With the principles for digitally supported PBL, AAU wishes to challenge and expand the existing framework for digitalisation and draw attention to other levels of education that can be incorporated more actively when working with digitalisation.

Principles for digitally supported PBL

With the principles for digitally supported PBL, AAU wishes to challenge and expand the existing framework for digitalisation and draw attention to other levels of education that can be incorporated more actively when working with digitalisation.

Education and research activities at AAU have a long and strong tradition based on a number of core PBL principles.

On a daily basis, the AAU PBL model is put into practice with variation from faculty to faculty, department to department and programme to programme, as the PBL principles provide room for pedagogical and didactic experimentation and adaptation to local conditions and subject areas.

This has helped evolve PBL and the educational activities that AAU offers to students. Similarly, digital technologies have always played a more or less explicit role in the development of PBL.

The principles are intended to support and challenge the future development of PBL through a value-based approach that actively engages with the opportunities offered by digital technology.

The principles

  1. 1

    VARIATION

    Variation as a principle challenges and extends existing PBL praxis.
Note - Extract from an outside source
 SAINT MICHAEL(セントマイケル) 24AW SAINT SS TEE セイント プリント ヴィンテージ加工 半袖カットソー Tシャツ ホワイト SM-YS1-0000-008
Variation, understood as both within and beyond the different levels of the programmes, aims to ensure that students experience a wide variation in teaching and project work throughout the programme. The principle proposes that study leaders, study boards, coordinators, lecturers and students consider variation as an essential principle in the organisation and practice of education and teaching. Students are motivated and learn in different ways, so variation can benefit all students through multiple approaches to learning, teaching and education. In this context, the digital can help widen the scope of educational opportunities and support variation as a principle at multiple levels of practice.

  2. 2

    COLLABORATION AND OPENNESS

    Digital technologies enable new types of collaborations that go beyond the individual course or project work, and where it is easier to open up for other stakeholders, a larger number of participants, create cross-collaborations or incorporate entirely new forms of collaboration.

  3. 3

    CO-DETERMINATION AND EMPOWERMENT

    Co-determination and empowerment are central parts of the educational model in a PBL-based educational institution, and can be understood from the student's perspective as involvement and engagement in their own educational choices and processes. In problem-oriented project work, this is realised through the fundamental principle of participatory project management. Digital technologies can support empowerment and help increase student participation beyond project work. They can enable larger and more active learning communities, involving both students and lecturers within each programme, but also across programmes.
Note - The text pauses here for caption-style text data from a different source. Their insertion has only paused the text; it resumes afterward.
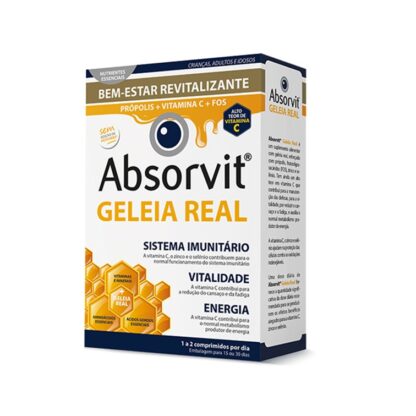 Absorvit Geleia Real 30 Comprimidos é um suplemento alimentar com geleia real, reforçado com própolis, frutooligossacáridos (FOS), zinco e selénio.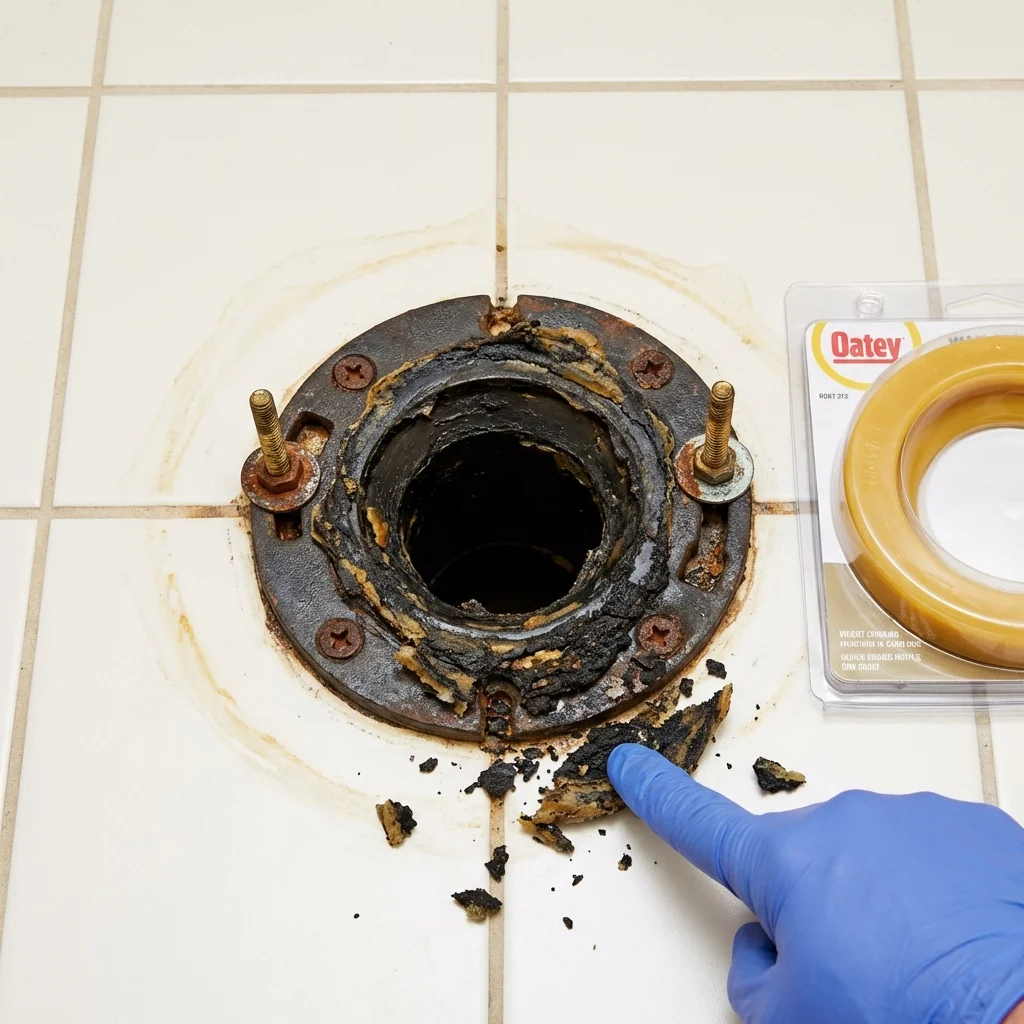 Failed wax ring showing water seepage at the base of a toilet in a Ripon, CA home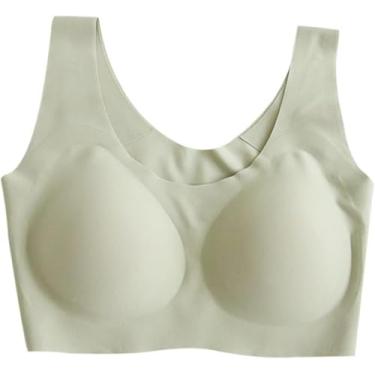 Imagem de Sutiãs Esportivos De Seda De Uma Peça Para Mulheres Soft Comfort Sleep Yoga Bra Vest Full Coverage Mulberry Silk Bralette, Green, M/Medium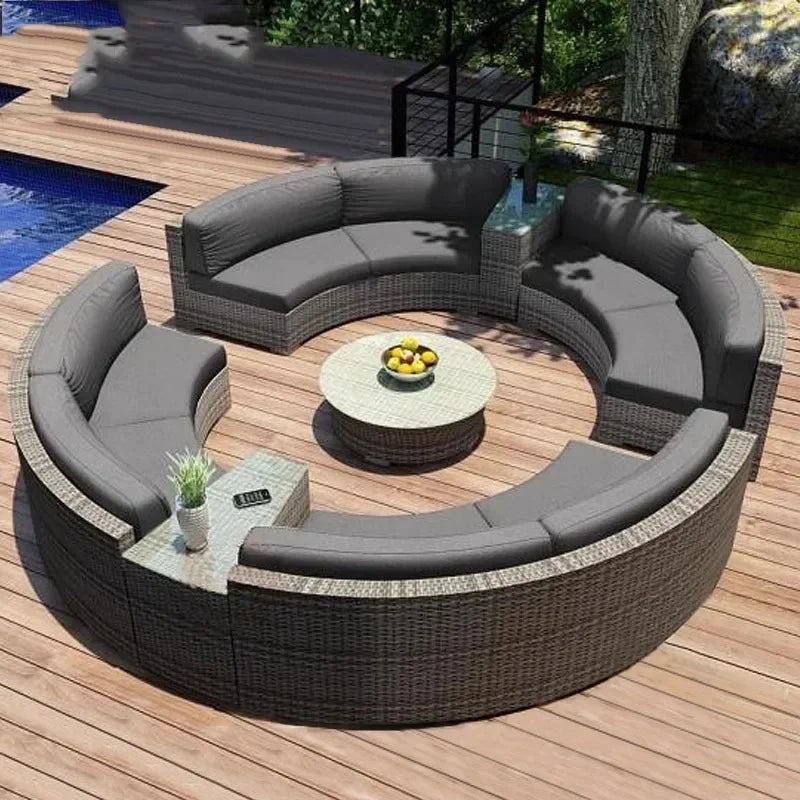 Outdoor rattan round sofa villa terrace courtyard rattan art hotel leisure area reception rattan sofa waterproof combination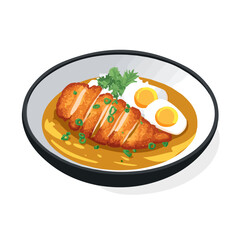 Minimal 2D flat vector of a Katsu Curry, icon-style illustration on a white background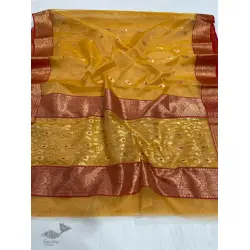 Padmapriya | Handwoven Chanderi saree - Mustard Yellow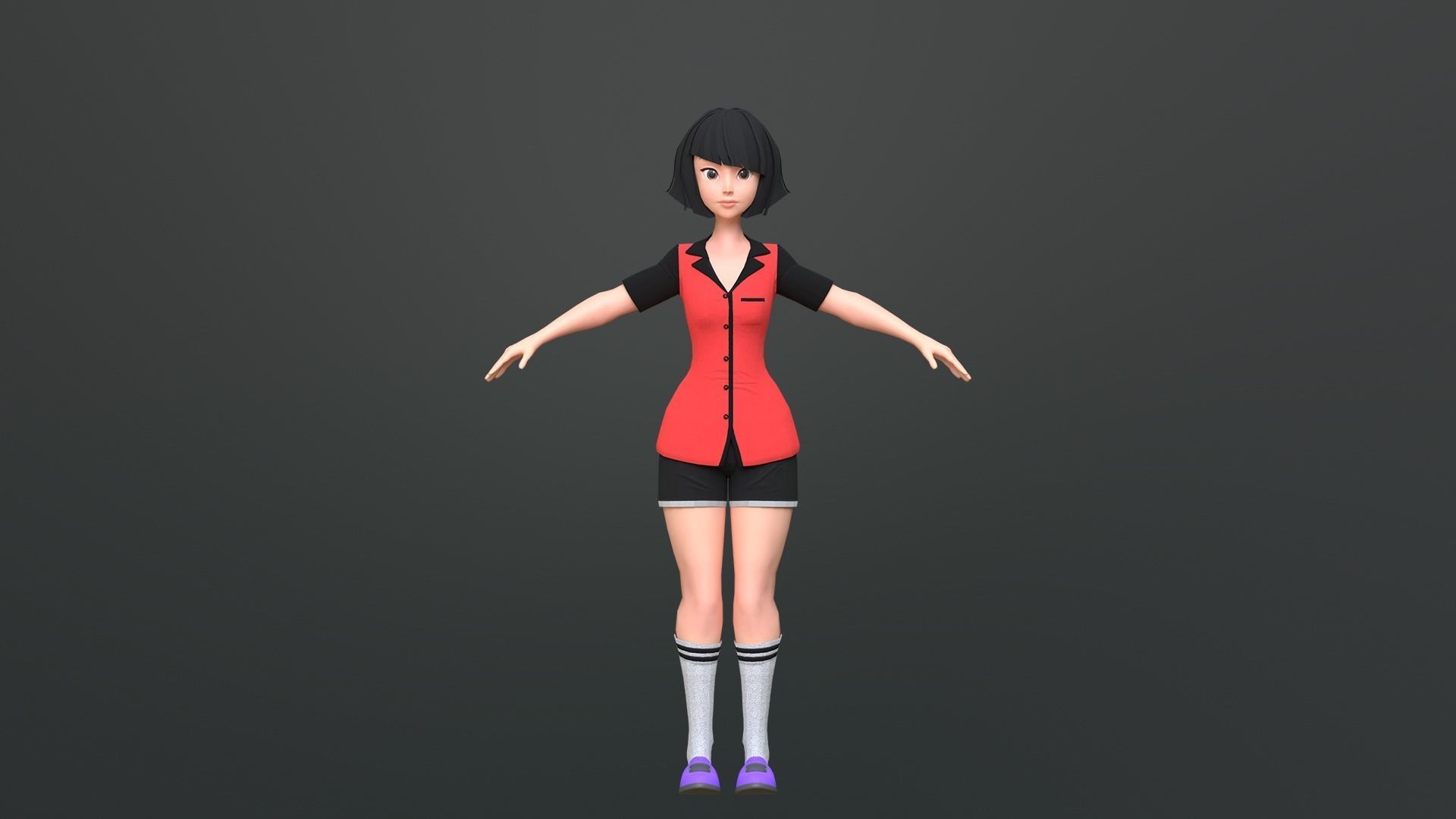 Luna Cartoon Girl Character Low-poly 3D model_9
    Participation in such learning communities has the potential to provide students with what is perceived as a more engaging study environment, where shared academic interests take centre stage and where closer communication and relationships between lecturers and students can enhance student empowerment.

  4. 4

    INCLUSION

    Inclusive study environments with an equal, appreciative and respectful culture are a high priority and play an essential role in good student life. Digital technologies can help to support inclusion efforts through a conscious focus on accessibility, diversity and flexibility. The principle aims to make learning and teaching activities accessible to all students, but also
    to ensure that each student feels able to participate according to their individual abilities.

    A conscious focus on meeting different needs in the course teaching itself, in a semester or in the organisation of a programme can help to create better participation opportunities for students with diverse backgrounds.